Want to learn about time series databases and the tools you can use to handle them? This article shares what time series data is and how MongoDB 5.0 is the tool you need to handle TSDBs. MongoDB 5.0 is the key to time series data analytics in order to prevent all types of issues for all industries.

Posted on April 18, 2022 by Rajesh Rajagopalan

MongoDB has been the de-facto document database that has been used by many across domains and use-cases. Apart from key capabilities such as high availability, security, ACID compliance, the JSON like document data model that maps directly to how you represent data in code leads to high developer productivity and flexible + evolutionary data models. This resulted in MongoDB becoming a go to platform for developers in most domains and use-cases including eCommerce, telecom, financial services, healthcare.

When it comes to Time Series data, the requirements are very different. MongoDB 5.0 added native Time Series capabilities, enabling developers to use the same tools and frameworks they are familiar with.

In this blog, I look at typical characteristics of time series data, what are the requirements from a database system that can handle time series data as well as a summary of my experiments with various capabilities that MongoDB provides to meet these requirements.

TLDR

  • There is an explosion of time series data being generated across domains ranging from Healthcare, eCommerce, FinTech, IoT among others.
  • TSDBs are optimized for high high rate of data ingestion, higher compression% and low latency retrieval of data for time series data analysis.
  • MongoDB introduced native time series collections with the 5.0 release.
  • Before 5.0, developers had to managed time series data using fixed or time series bucket pattern. MongoDB time series collections automates much of data organization into buckets and while maintaining faster retrieval times.
  • Based on my experiments, you can see in the sections below, how MongoDB native time series collections provides capabilities required to handle time series data.
    • Data storage footprint that is several times smaller compared to normal collections – for time series data
    • Clustered indexes optimize index storage and performance
    • Specialized time series analytical query functions such as $setWindowFields that perform several times faster
    • Capability such as $densify and $fill to handle missing data with ease
    • Automatic purge of older data. Archival of data using Atlas online archive and
    • internals of how MongoDB handles storage and retrieval of time series data

MongoDB is continuing to rapidly release new features to improve on the above capability. It will be interesting to see what MongoDB 6.0 has to offer later this year.

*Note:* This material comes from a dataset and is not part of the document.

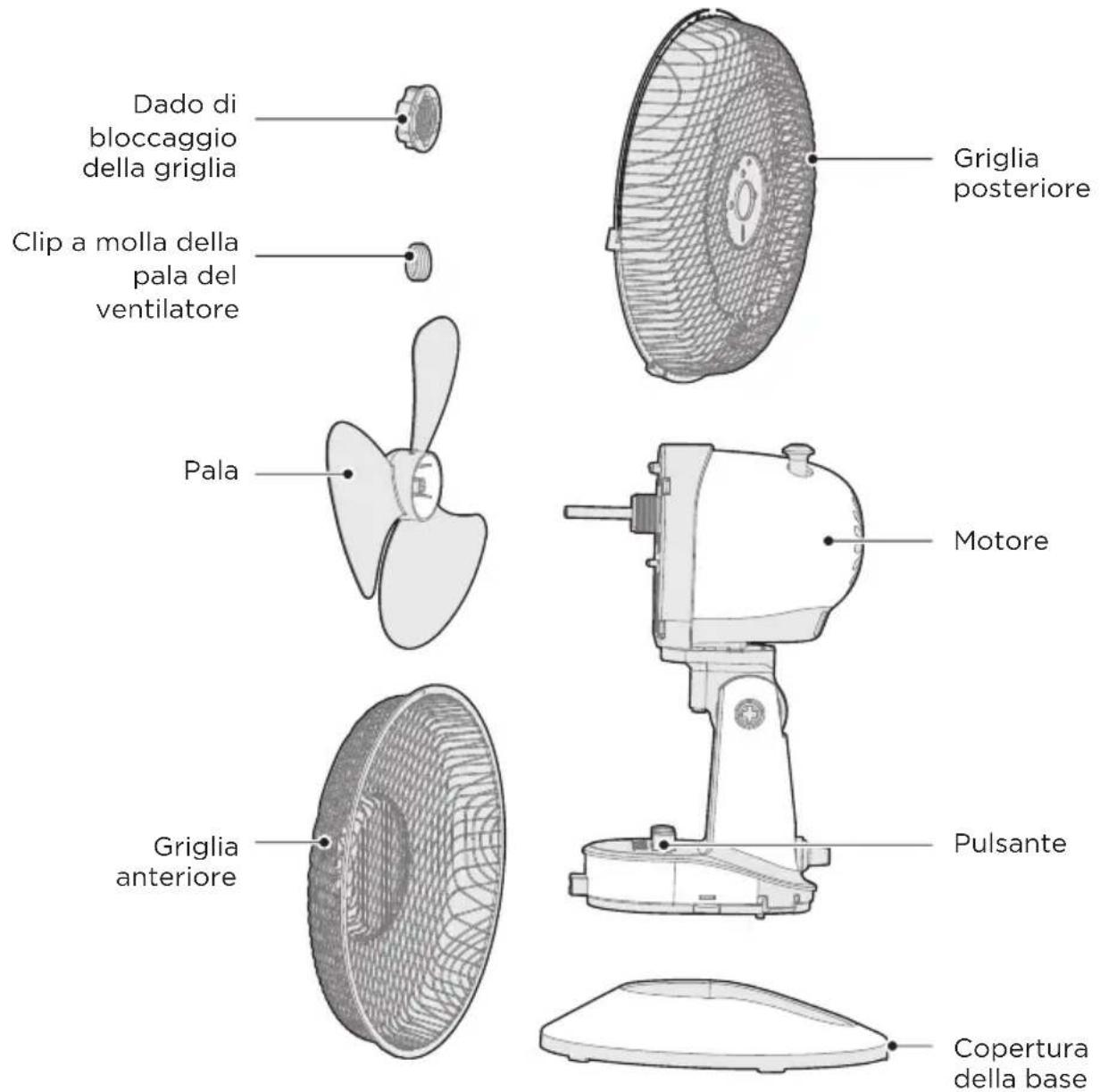 MIDEA FT23-21M - Nome dei componenti - 1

Characteristics of Time Series data

In mathematics, a time series is a series of data points indexed (or listed or graphed) in time order.

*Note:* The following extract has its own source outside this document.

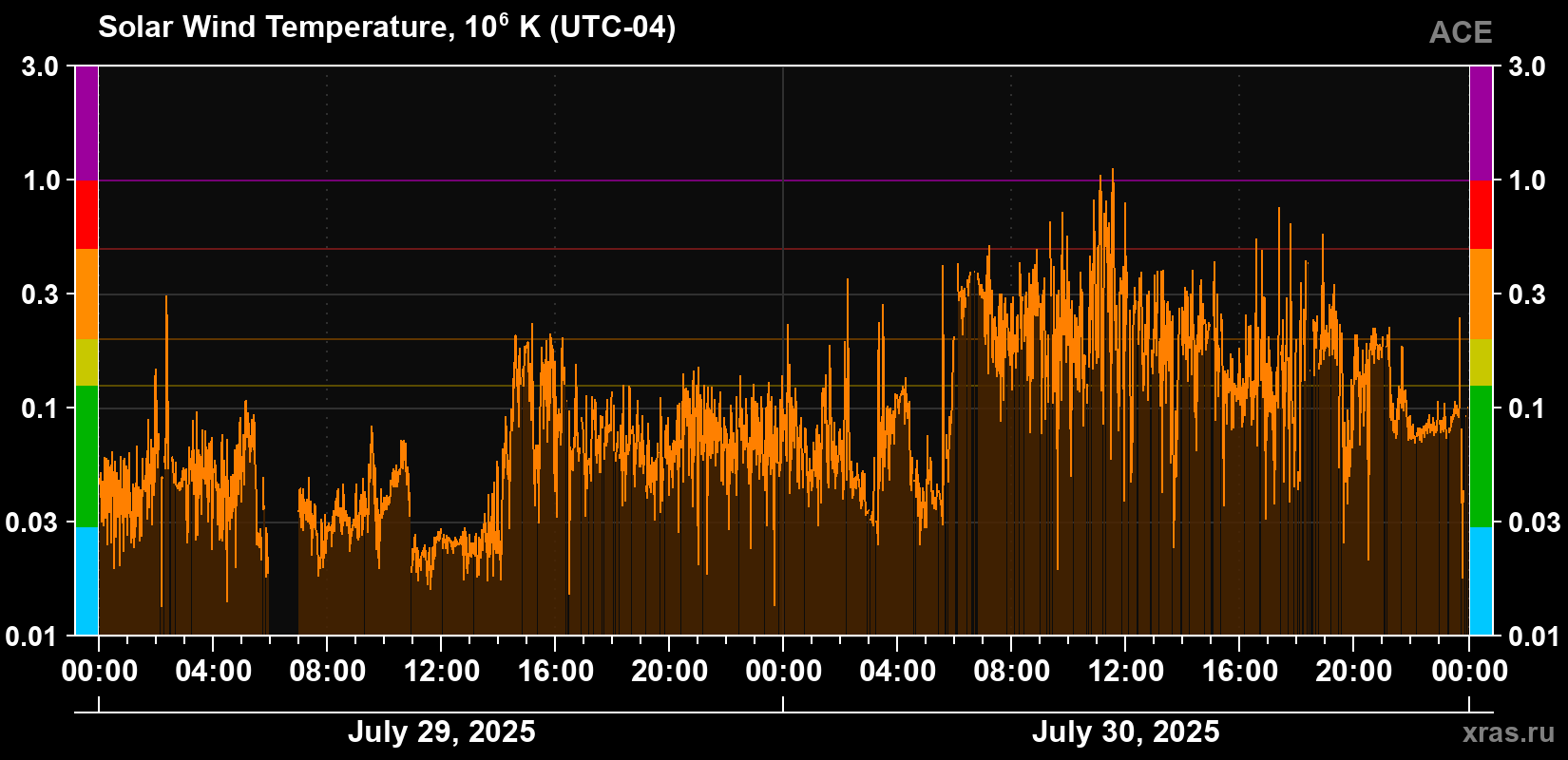 Solar wind temperature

  1. Univariate or Multivariate time series data: Univariate time series have a single data point changing over time — for example stock price for a ticker. Multivariate time series have multiple data points changing over time — for example CPU, Memory, IOPS usage reported by a server over time.
  2. Polymorphic: Each reported data point can be different from previously reported data point. For example CPU% may be reported every second. However the disk utilization% may be reported only hourly by the same reporting sensor or agent.
  3. Velocity: High velocity of new data available every other millisecond or nanosecond from the sensor based on the granularity required for the use-case.
  4. Volume: Higher granularity combined with millions and billions of reporting entities result in billions and trillions of data points every hour that needs to be stored and processed.
  5. Out of order data: Time series data is not always ingested in order. Many IoT sensors in the field report back when they come online or have network connectivity. This invariably leads to out of order data.
  6. Irregular: Reporting and logging data is usually secondary priority compared to a mission critical function that any device performs. Data is reported on a best case basis. Having large gaps in data is not unusual.
  7. Immutable and append-only in most cases: Time ordered data is received at regular intervals and you generally want to record the data as a new entry irrespective of the change for future analysis.
  8. Columnar in nature: Limited variance one data point to another. For example, only the temperature data reported may change second to second. Rest of the sensor metadata remains fairly constant.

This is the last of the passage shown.